Transition time to psychosis was significantly longer in the CBTuhr group (1322 days compared with 1189 days in the TAU group, p=0.04).
Significantly more patients remitted from their UHR status in the CBTuhr group compared with the TAU group (76.3% vs 58.7%, OR=0.44, 95% CI 0.20 to 0.97, p=0.04).
Transition to psychosis was associated with more severe psychopathology and lower social functioning on related scales at 4-year follow-up. On the Comprehensive Assessment of At-Risk Mental States, changes in standardised mean difference (ΔSMD) were −0.24 for positive and also for negative symptoms, −0.41 for distress and −0.14 for behavioural change. For Social Interaction Anxiety Scale and Social and Occupational Functioning Assessment Scale, ΔSMDs were −0.07 and 1.43, respectively.

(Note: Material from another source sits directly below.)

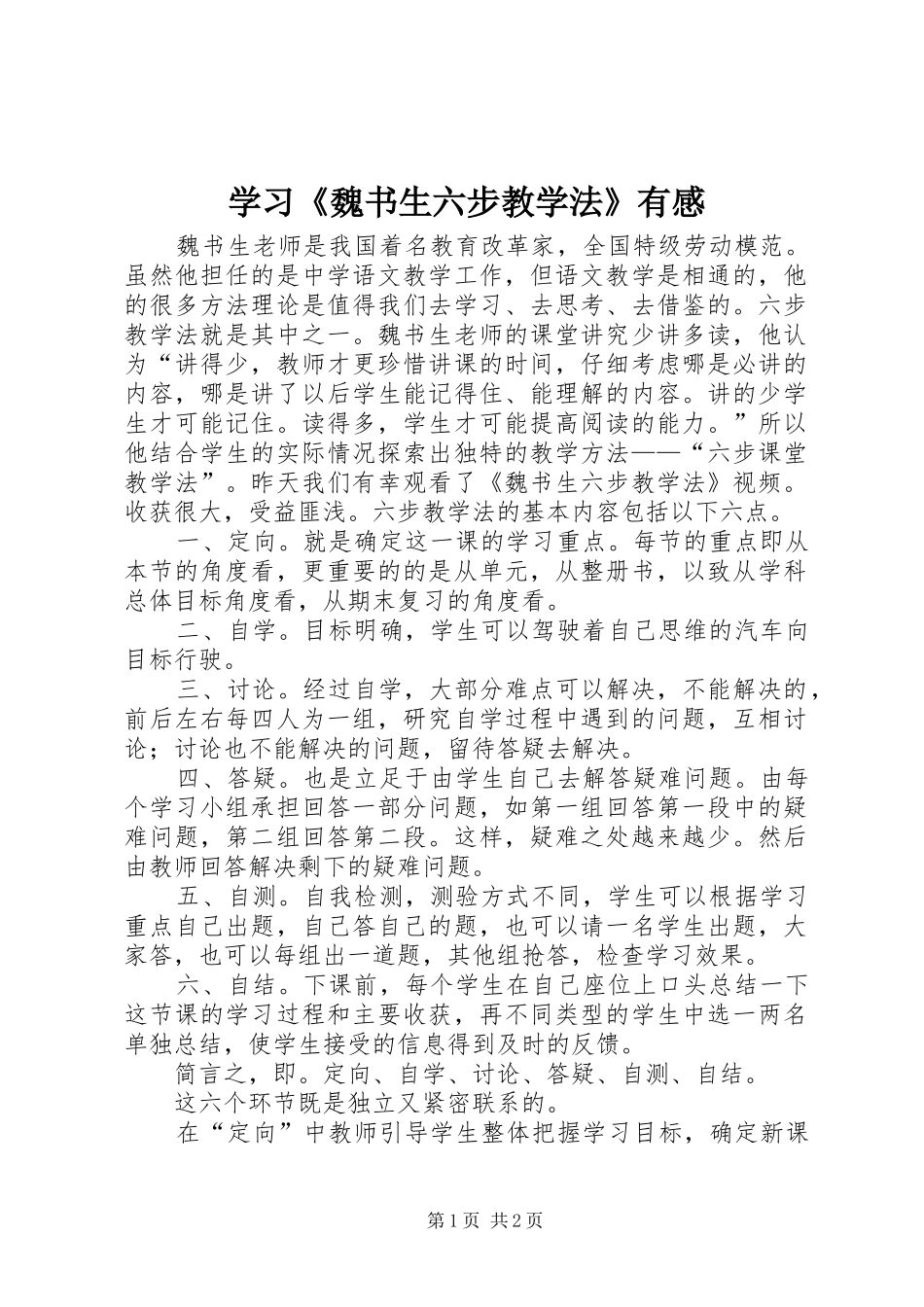 2024年学习魏书生六步教学法有感_第1页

The number needed to treat was 8.25 (95% CI 4.37 to 72.72).
Treatment of non-psychotic disorders and distress is an important issue, since the use of antidepressants in UHR participants is thought to have a preventive effect on transition.3 The authors did not elaborate on the treatments given and whether they were different between the two groups.

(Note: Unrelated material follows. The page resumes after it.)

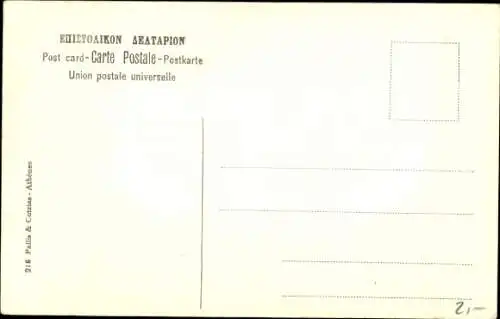 Ak König Georg von Griechenland, Portrait in Uniform, Orden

The overall 16.3% transition rate at 18 months and 17.4% at 4 years in this study was lower than other studies on UHR (26.9% at 18 months and 36% at 3 years).4 This may be due to methodological issues, such as a selection bias. For example, if the definition of UHR state is interpreted less strictly, the consequence could be the inclusion of participants not truly at UHR of psychosis (even if presenting with similar symptoms such as anxiety or emotional regulation disturbance). These individuals are less likely to transition to psychosis. While the low rate of later transition to psychosis in both groups replicates the findings of other studies showing that the largest proportion of patients usually transition the first or second year after they seek help, especially when not offered specific preventive intervention,3 it may also suggest that new cases of psychosis transitioning between the 18 months and the 4-year time points were missed (previous studies showed that 9% were making transition to psychosis between 18 and 36 months or more).4
A high proportion of patients were lost to follow-up (42.4%: 39 participants in the experimental condition and 44 in the control condition). Although efforts were made to collect data on transition to psychosis for these participants from electronic health records, it is possible that some milder cases of psychosis were missed because they never sought help, thus underestimating the 4-year transition rate in both groups.
What next in research?
Since antipsychotics have many side effects, other interventions in UHR participants are warranted and currently under investigation. For example, a recent study investigated the benefit of adding ω-3 polyunsaturated fatty acids in the treatment of UHR participants, also receiving cognitive–behavioural case management.5 Furthermore, the high proportion of participants lost to follow-up and the low transition rates in this study demand replication with larger samples.
Do these results change your practice and why?
Yes. The results emphasise the preventive impact that high-quality psychosocial treatment can have on UHR patients without inducing the same side effects as would antipsychotic medication, such as weight gain, sedation and metabolic syndrome. The intervention seemed well tolerated, with a low drop-out rate during treatment (15%), which was similar to the TAU. Clinicians should be encouraged to use more of these interventions, especially in patients refusing to take medication.
Competing interests None declared.
Provenance and peer review Commissioned; internally peer reviewed.